Gibson was originally filed in Arkansas state court where the class action plaintiffs pleaded a class larger than 100 members but stipulated that their total damages did not exceed $5 million, as was permitted prior to the United States Supreme Court’s ruling in Standard Fire Insurance v. Knowles, 133 S. Ct. 1345, 1347 (2013) which outlawed that practice going forward.

By letter dated March 11, 2016, more than three years into the case, however, plaintiffs’ attorney “‘recommended a total payment of $6,500,000 to resolve’ the case,” Gibson, at *3, and noted that the letter “constitutes plaintiffs’ settlement demand.” Id. at *18 (Murphy, J. dissenting). Following the letter, on April 21, 2016, plaintiffs served defendant with an expert report supporting the $6.5 million demand with objective evidence and a more fully developed theory on the calculation of damages.

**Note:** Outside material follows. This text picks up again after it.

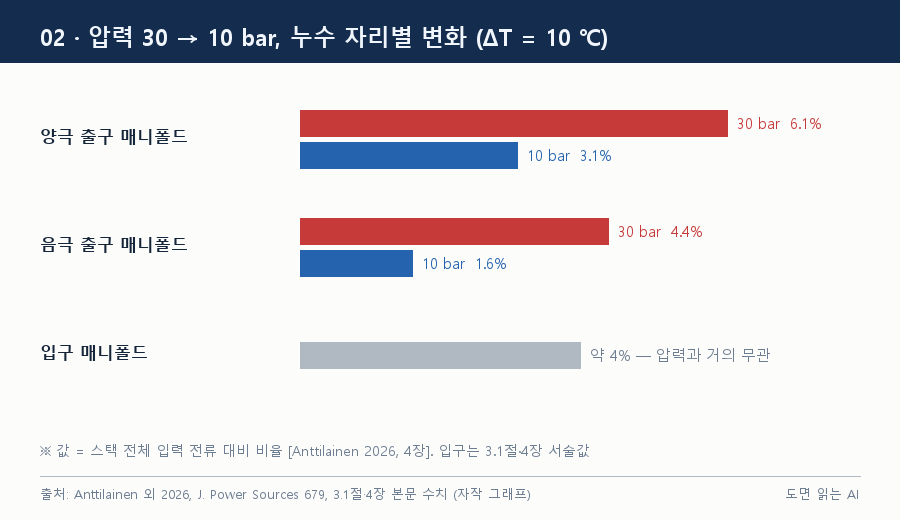 30→10 bar 누수 자리별 변화 — 02_outlet_share.png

Defendant filed its notice of removal in the Western District of Arkansas on May 9, 2016, within 30 days of the expert report but more than 30 days after the date of the letter.

Accordingly, plaintiffs argued that the letter provided the necessary “‘pleading, motion, order, or other paper’ from which the defendant [could] unambiguously ascertain” that the CAFA requirements were satisfied, while the defendant argued that only the expert report made this conclusion “unambiguous.” Id. at *8 (quoting CAFA at 28 U.S.C. 1446(b)(3)).

After the W.D. Arkansas agreed with the plaintiffs, the Eighth Circuit agreed with the defendant, overturning the district court and holding that the expert report and not the letter provided the first “unambiguous” indication that plaintiffs were seeking greater than $5 million in damages. While the Eighth Circuit noted that a letter could provide such an unambiguous indication, this particular letter did not because the plaintiffs’ attorney only “recommended” a settlement greater than $5 million and because the data that the letter provided could easily be interpreted to warrant a settlement much lower than $5 million.

The Eight Circuit stated that its decision was intended to reduce the number of preemptive removals filed by class action defendants by requiring that the standard definitively be met. To the contrary, the overall impact of this case is likely to have the opposite effect. It shows that when the $5 million CAFA threshold is met may actually turn on a subjective determination that is different for each federal judge. In fact, in this case, of the four federal judges who considered the issue—one from the W.D. Arkansas and three from the Eighth Circuit’s panel—two found plaintiffs’ letter “unambiguous” and two found the opposite. Given these odds, defense attorneys would be wise to err on the side of caution remove at the first indication that the CAFA requirements have been established.